I'm sure that nobody really believes that any licence stops people
infringing the terms of those licences. Just look at software, DVD and music
piracy. All are illegal but on the wide scale whole are not enforced. Those
that do enforce are those that stand to loose (mostly financially) from the
infringement. As a result most of the court cases involve companies with a
lot of money chasing persons or businesses trying to make a lot of money
from the infringement.

I don't think OSM fits into a real need for enforcement, rather in my view
the licence is a statement of what OSM strives to be.

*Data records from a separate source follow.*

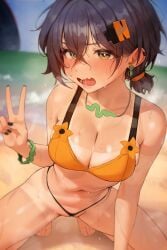 1girls absurd_res ahoge alternate_costume alternate_version_available arm_behind_head arm_support arm_up bare_shoulders beach belle_(zenless_zone_zero) bikini bikini_under_shorts blue_hair blue_sky blush breasts cleavage cloud collarbone commentary crossed_bangs day demcheg english_commentary female green_eyes hair_between_eyes hair_ornament hand_in_own_hair highleg highleg_bikini highres hyuk_(yeayeo) large_breasts letter_hair_ornament light_particles looking_at_viewer low_twintails micro_shorts navel ocean oerba_yun_fang official_alternate_costume on_ground open_mouth orange_bikini orange_shorts outdoors short_hair shorts sitting skin_fang sky smile solo stomach sunlight swimsuit tan_body tanline thighs twintails zenless_zone_zero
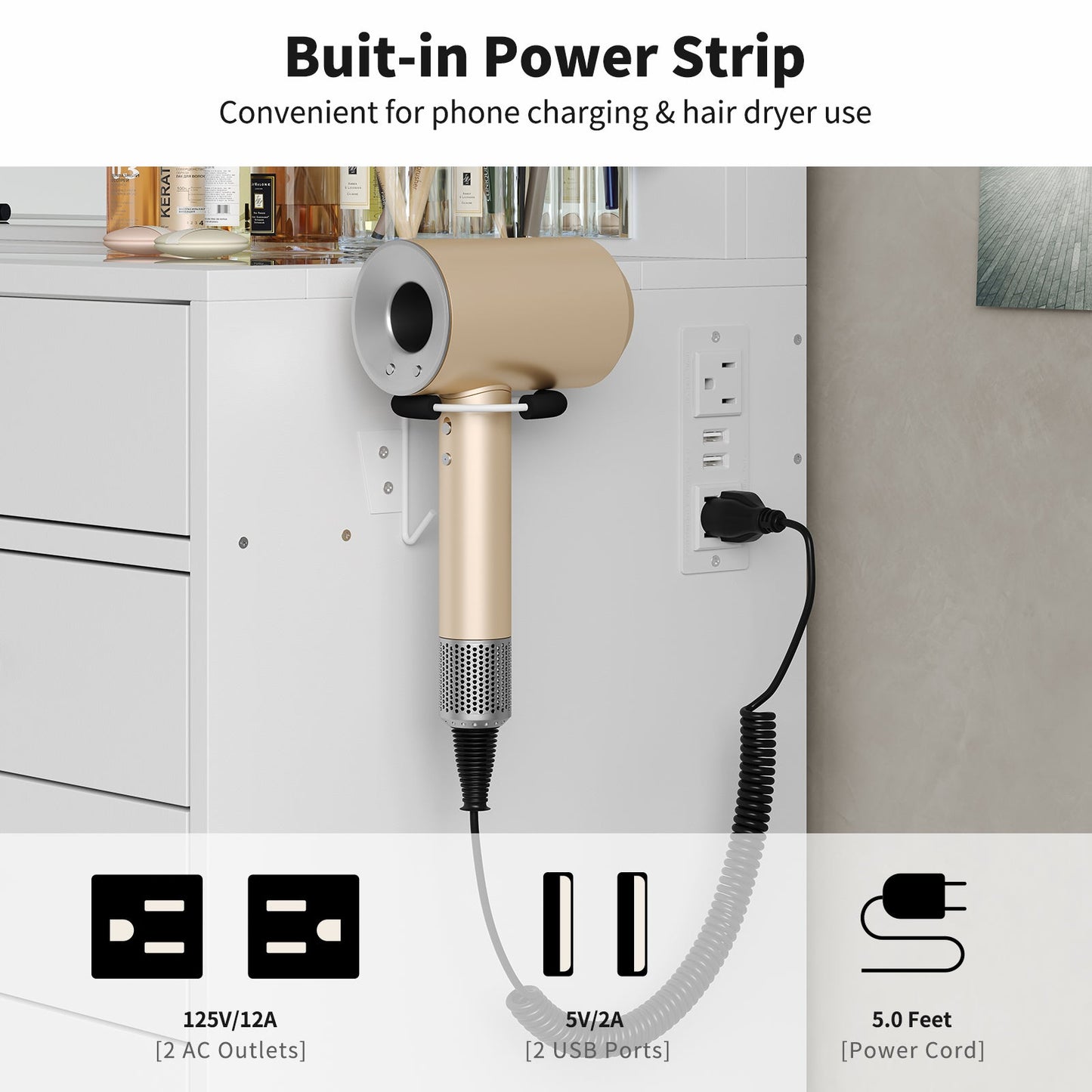 Yanosaku VD016 Bedroom Makeup Vanity desk with LED Mirror, 13 Drawers-4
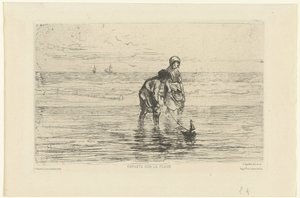 孩子们在海滩上玩小船
Enfants sur la plage（标题为实物） 作者 阿尔弗雷德·卡达特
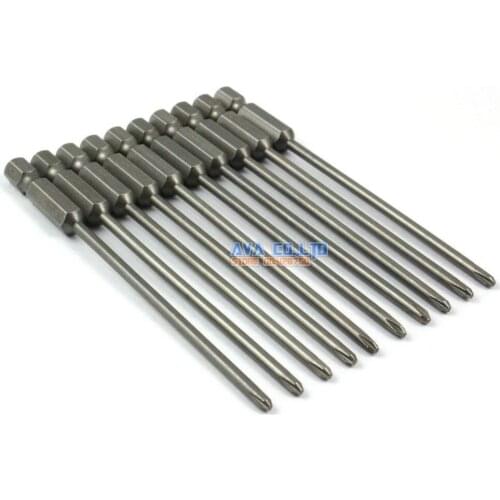 10 Pieces Magnetic Phillips Screwdriver Bit S2 Steel 1/4" Hex Shank 100mm Long 3.0mm Diameter PH1 (100mm x 3.0mm x PH1)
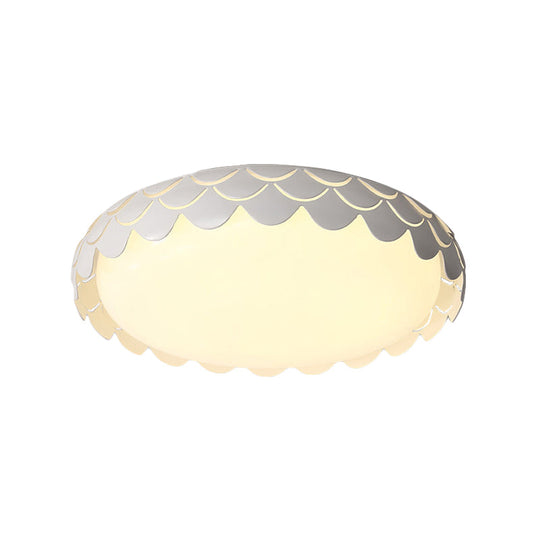 Contemporary Metal White Led Ceiling Lamp With Fish Scale Design - Ideal For Dining Room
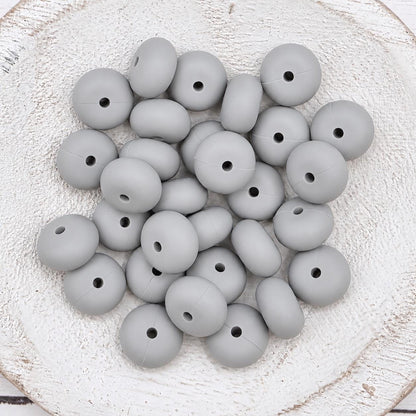 14mm Light Gray Abacus Silicone Beads, 10 or 20 Count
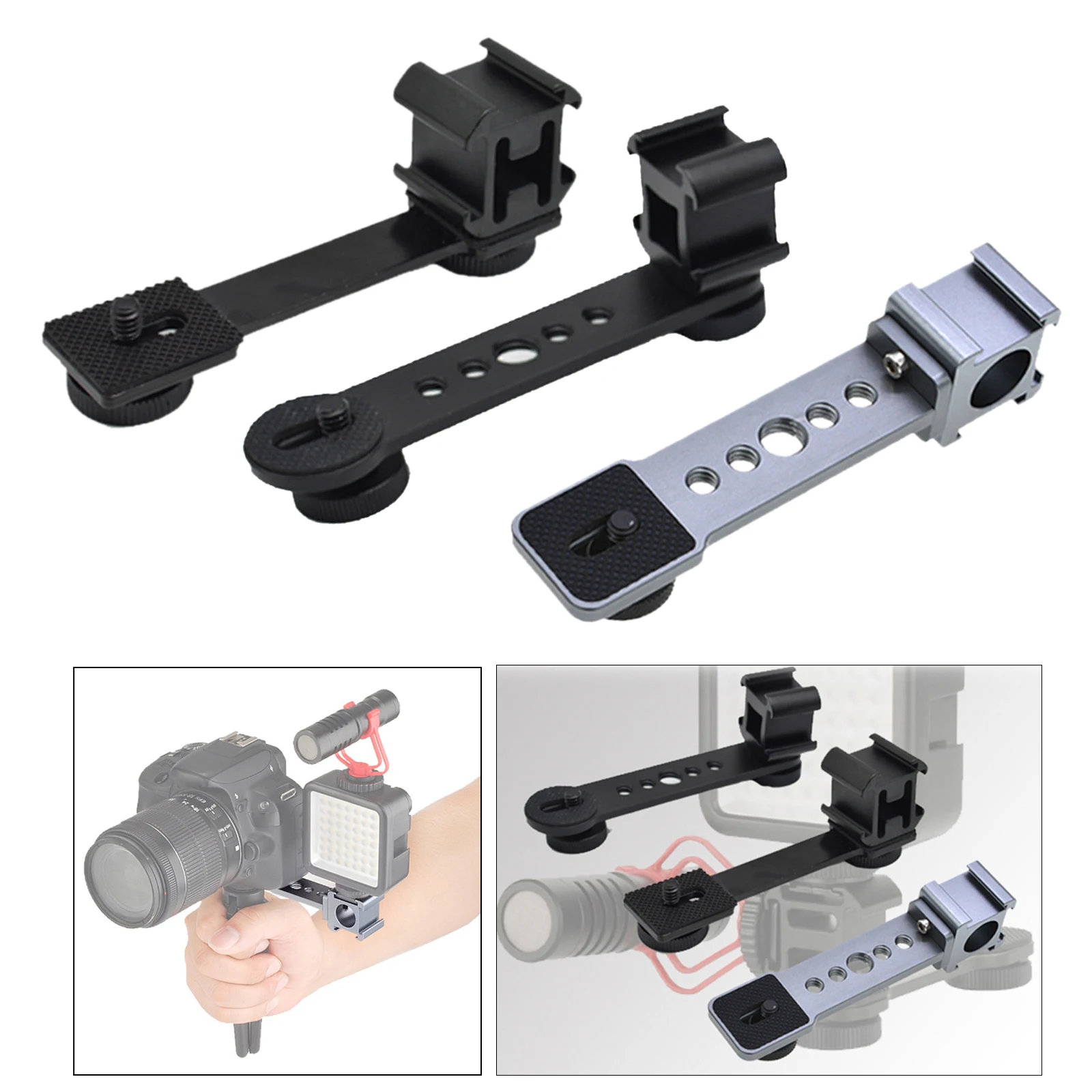 Triple Cold Shoe Extension Bar, Microphone Mount Extension Bar Bracket with 1/4 Adapter Compatible for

If on the otherhand
the OS decided to use OSM data as its new-detail layer, and then charge us
for its maps under its traditional licence, then may be we would have
something to say about it ;-)



>Imi, I know you have practical experience from writing software.
>I know the Opentom people have practical experience from enforcing
>the GPL.  But who has any practical experience from enforcing
>CC-SA-BY for map data?  Anybody on this planet?  I doubt that.
>
>> > Imi and other GPL fundamentalists need to explain the *practical*
>> > differences between licensing options *for map data*.
>>
>> 1) may redistribute our data for free.
>> 2) must put published modifications of the data under same license.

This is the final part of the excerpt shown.